• Record extracts:

▬▬▬

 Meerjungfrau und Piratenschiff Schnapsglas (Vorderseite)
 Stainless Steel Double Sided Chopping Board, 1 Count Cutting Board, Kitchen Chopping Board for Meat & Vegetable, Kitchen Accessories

▬▬▬

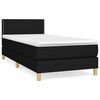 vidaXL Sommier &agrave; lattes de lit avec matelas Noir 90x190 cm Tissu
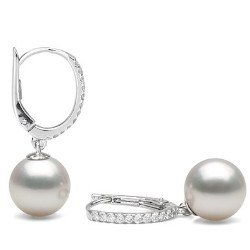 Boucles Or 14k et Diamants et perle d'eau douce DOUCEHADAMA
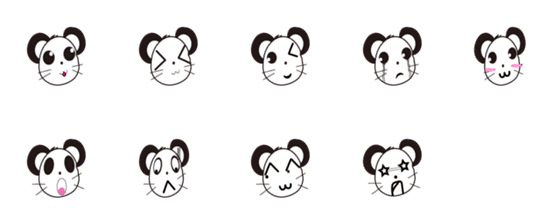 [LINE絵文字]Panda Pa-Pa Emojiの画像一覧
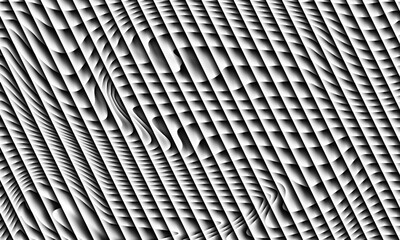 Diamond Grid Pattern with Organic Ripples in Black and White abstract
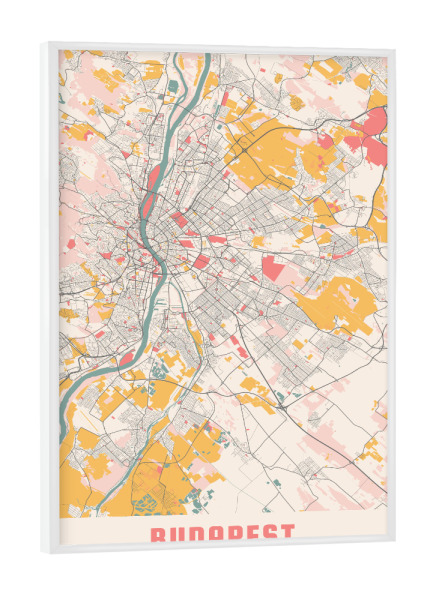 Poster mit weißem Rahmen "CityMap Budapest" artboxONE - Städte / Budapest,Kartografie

▬▬▬

• Exercise description: Look above and copy only the lines from the one holding "Boucles Or 14k" to the one holding "Poster mit weißem", both included, exactly, minus the pictures.

• Output of the task:
 Boucles Or 14k et Diamants et perle d'eau douce DOUCEHADAMA
 [LINE絵文字]Panda Pa-Pa Emojiの画像一覧
 Diamond Grid Pattern with Organic Ripples in Black and White abstract
 Poster mit weißem Rahmen "CityMap Budapest" artboxONE - Städte / Budapest,Kartografie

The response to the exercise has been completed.